The government has selected Coal India Ltd (CIL), Life Insurance Corporation (LIC), Indian Overseas Bank (IOB), and Indian Railway Finance Corporation (IRFC) for selling shares in the stock market in the first two quarters of FY27. The sale will be phased to align with stable market conditions to prevent any volatility before the shares are offloaded.
Specifically, the government may reduce up to 2% stake in Coal India through an offer for sale, while an LIC offer for sale is anticipated in the second quarter, between July and September. Further stake dilution in IOB and IRFC is being considered, with the timing dependent on market stability, as per a report by NDTV Profit.
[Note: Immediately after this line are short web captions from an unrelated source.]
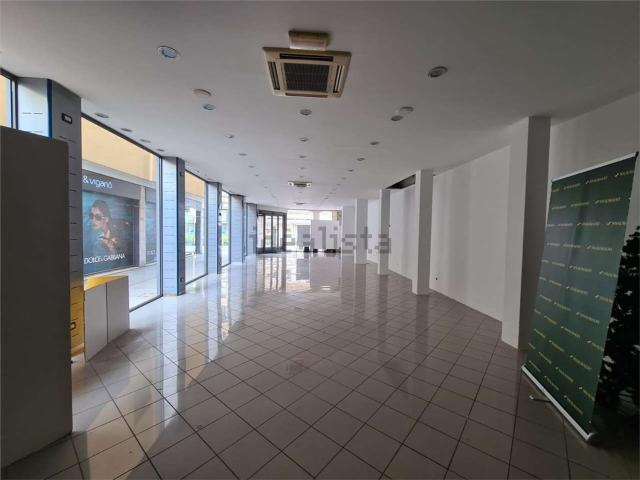 Locale Commerciale in affitto a Mestre-Carpenedo, Venezia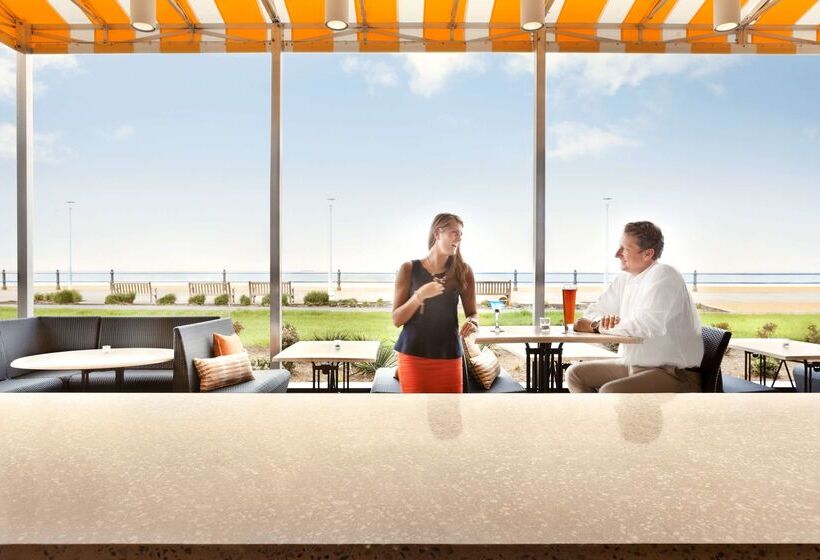 Отель Hyatt House Virginia Beach/oceanfront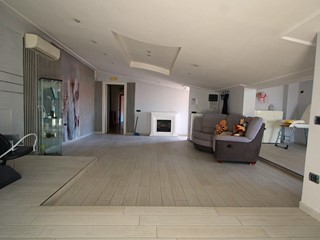 Bilocale in Vendita a Succivo, 100'000&euro;, 115 m²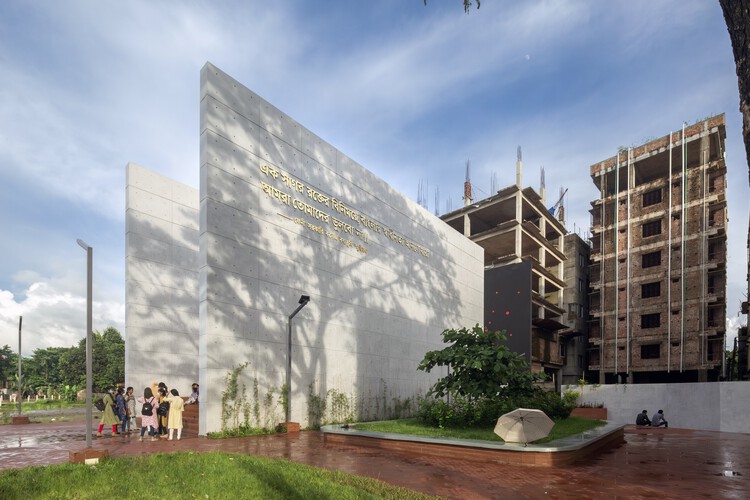 Комплекс Feni College Boddhobhumi Sritisthombho/Векторный постамент — фотография экстерьера, фасад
With an ambitious target of Rs 80,000 crore through disinvestment and asset monetization in FY27, the government aims for a significant increase from the revised estimate of Rs 33,837 crore for FY26. The strategy includes major public sector entities’ strategic sales and Offer for Sale (OFS) pipelines to boost non-tax revenues.
The government has already divested a 2.17% stake in IOB in December 2025 and a 2% stake in IRFC in February 2026. Additionally, an 8% stake sale in Central Bank of India was announced, with the non-retail offer for sale portion being oversubscribed 2.35 times.
Finance Minister Nirmala Sitharaman, during the post-budget press conference, affirmed the government’s commitment to pursue all approved disinvestment proposals, emphasizing continuity in the asset-sale strategy despite slower progress in 2025-26. The government aligns its asset monetization plans with the stock market’s capacity to absorb shares, ensuring a well-defined pipeline for effective implementation.
A senior government official highlighted the government’s robust asset monetization plan supported by a clearly outlined pipeline, expressing confidence in reaping benefits from this strategy.